A June 2011 report by the McKinsey Global Institute reveals that there is a 40 percent projected growth in global data generated each year, and within the United States, fifteen out of seventeen industry sectors have more data stored per company than the US Library of Congress. Organizations that get ahead of this trend and implement policies and strategies to harness big data will enjoy a significant competitive advantage within the marketplace.
This will have particular importance for tax departments that have to contend with the aforementioned growing burden of compliance and reporting requirements and the equally important focus on quality and risk management. The organization, retention, and disposal of the vast collection of data available to companies, including data within the tax department, are key considerations to manage risk and avoid liability down the road. Without the ability to manage volume and extract the important, quality data from the growing quantity, tax will be further hindered by inefficiency and risk.
Furthermore, time spent on manual data manipulation and reporting limits opportunities for tax to focus on value-added tasks, such as strategic planning and forecasting. Historically, tax departments have tended to sit in a silo, apart from the organization as a whole. As the trend toward big data leads organizations to emphasize the value to be found in deep analyses of available information, this tendency can no longer continue.

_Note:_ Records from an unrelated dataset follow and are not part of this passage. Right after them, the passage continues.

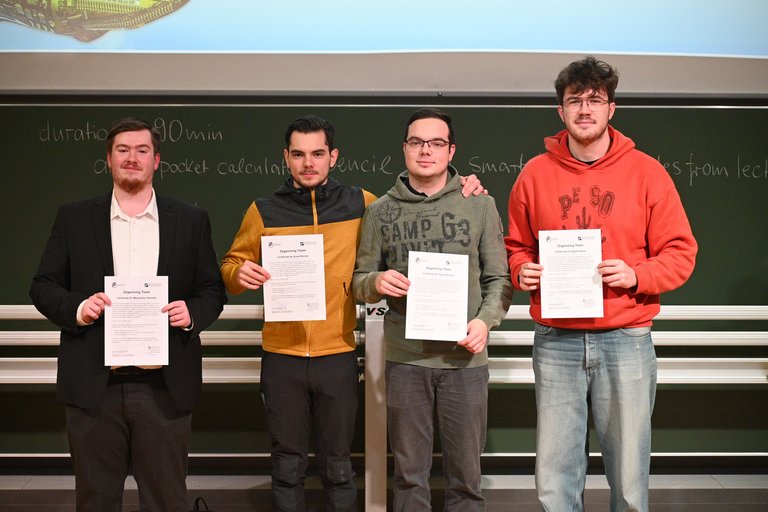 Closing-Ceremony_IEW_25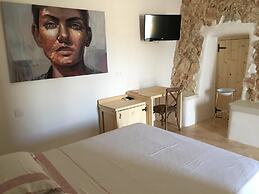 Tenuta Palmira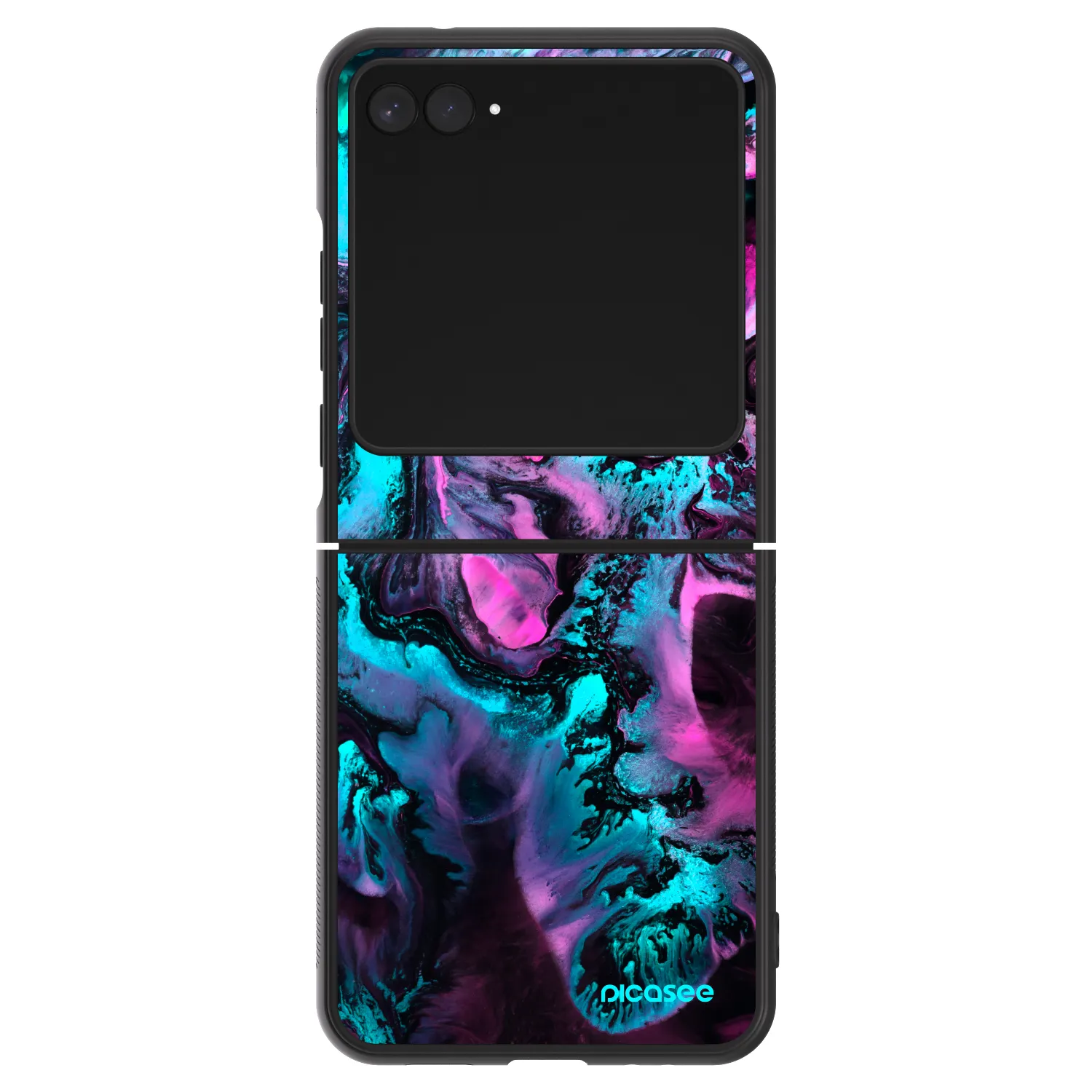 Picasee ULTIMATE CASE για Motorola Razr 60 - Lean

The core benefit of harnessing big data is the opportunity to exploit the collective mass of data throughout an organization to find business trends, detect patterns, identify and address risks, and to boost productivity and market value. Tax must keep pace with the larger organization and seek opportunities to implement technology and process improvements. This will serve to both optimize day-to-day operations as well as provide opportunities to add value through planning, while enhancing the risk management profile of the tax function.
Tools of the Trade
According to a 2012 Forbes article, "big data is the new quant investing." Many of the ideas from quant investing make sense in this context; histories are huge and experimentation is easy. There is an underlying behavioral model, plus, you know your counter-parties. The large volume and variety of data allow use of new "data voracious" statistical and machine-learning methods that, in finance, are useful for high-frequency trading, but are worthless on daily or monthly market data. It is words as well as numbers, so natural language tools can work along with numerical calculation.
With such emphasis on data-driven decision making, organizations must make it a priority to effectively manage and utilize the wealth of data available to them in order to remain competitive, and tax departments are no exception to this reality. The capability to predict the potential tax impact of international transactions or proposed acquisitions through business intelligence solutions is just one example of the opportunities for tax to contribute to the success of the organization through the power of data. Data imaging technology offers the capability to better leverage paper notices by extracting meaningful information and transforming it into a readable electronic format that can be stored and later queried from a centralized database. There are multiple tools available to assist tax departments with these types of process improvements.